→ DATA TO PROCESS
===
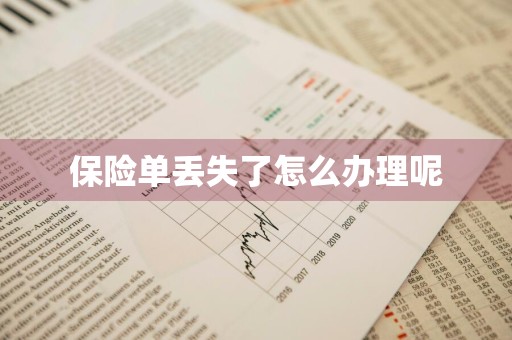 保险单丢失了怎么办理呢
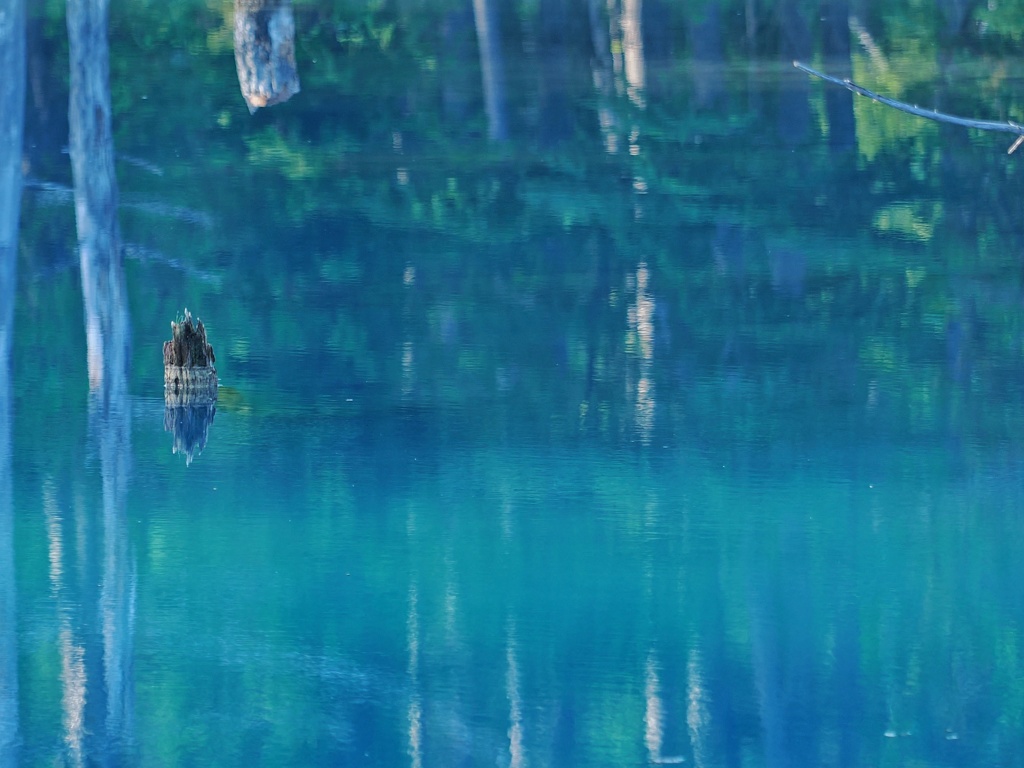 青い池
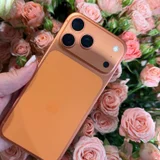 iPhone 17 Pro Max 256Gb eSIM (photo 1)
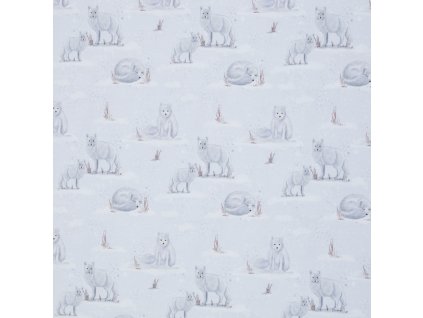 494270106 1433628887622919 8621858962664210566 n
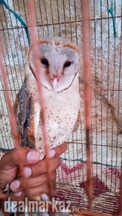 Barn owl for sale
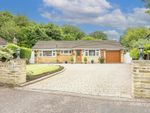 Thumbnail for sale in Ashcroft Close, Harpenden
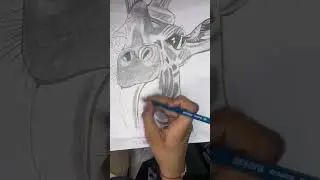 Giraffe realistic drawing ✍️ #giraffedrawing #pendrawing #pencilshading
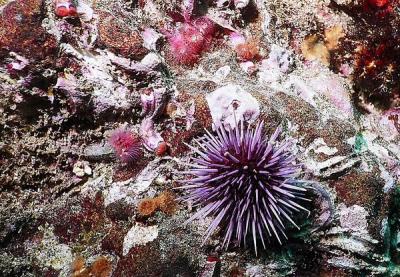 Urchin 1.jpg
===
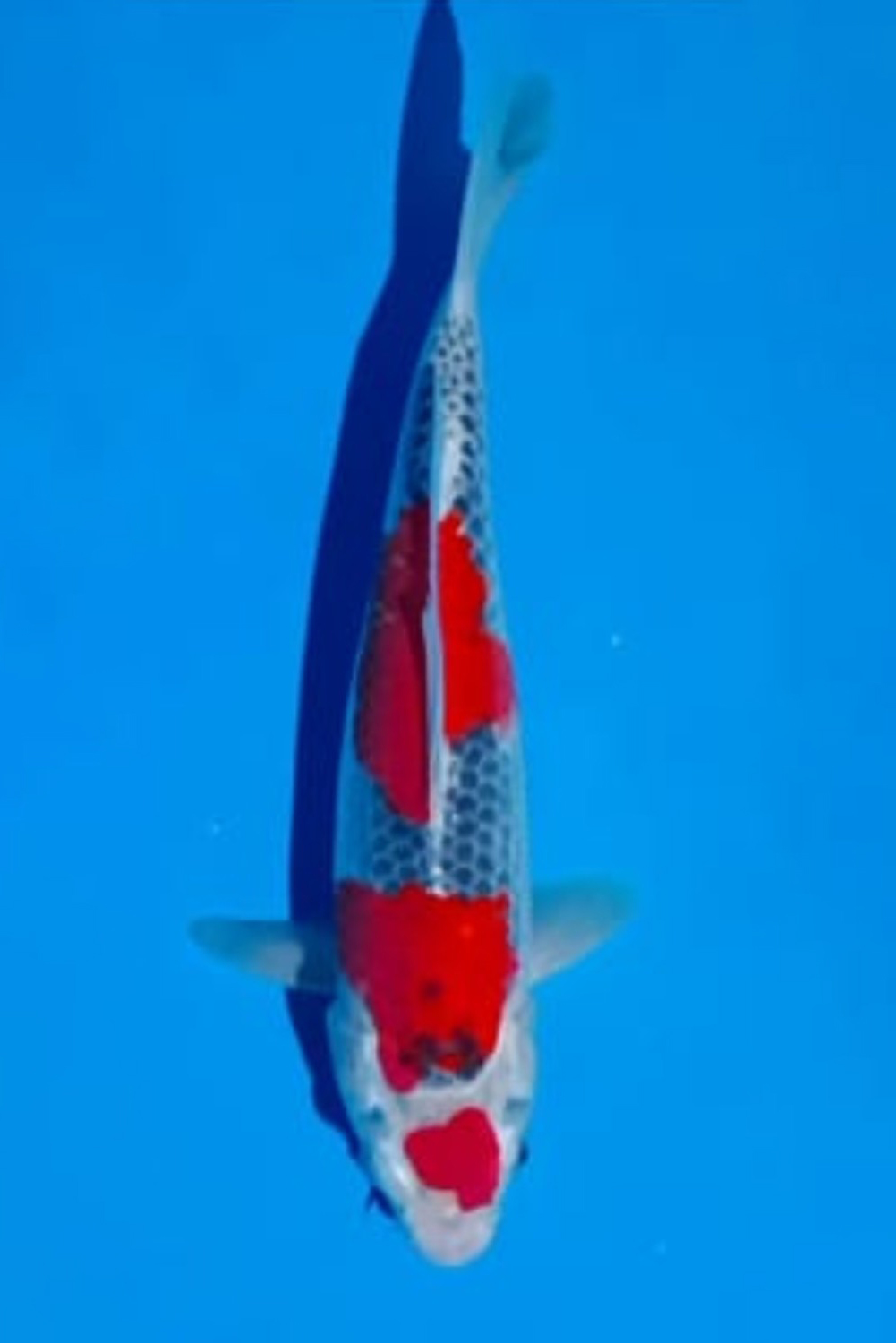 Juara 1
===
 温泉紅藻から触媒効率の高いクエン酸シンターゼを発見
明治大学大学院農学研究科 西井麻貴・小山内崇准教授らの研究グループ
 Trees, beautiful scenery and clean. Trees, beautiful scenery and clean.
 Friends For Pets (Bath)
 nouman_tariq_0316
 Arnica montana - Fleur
===
→ TASK PROMPT
Reproduce the entries above exactly, but only the lines between the line holding "明治大学大学院農学研究科 西井麻貴・小山内崇准教授らの研究グループ" and the line holding "Arnica montana - Fleur", inclusive.

→ COMPLETED TASK
明治大学大学院農学研究科 西井麻貴・小山内崇准教授らの研究グループ
 Trees, beautiful scenery and clean. Trees, beautiful scenery and clean.
 Friends For Pets (Bath)
 nouman_tariq_0316
 Arnica montana - Fleur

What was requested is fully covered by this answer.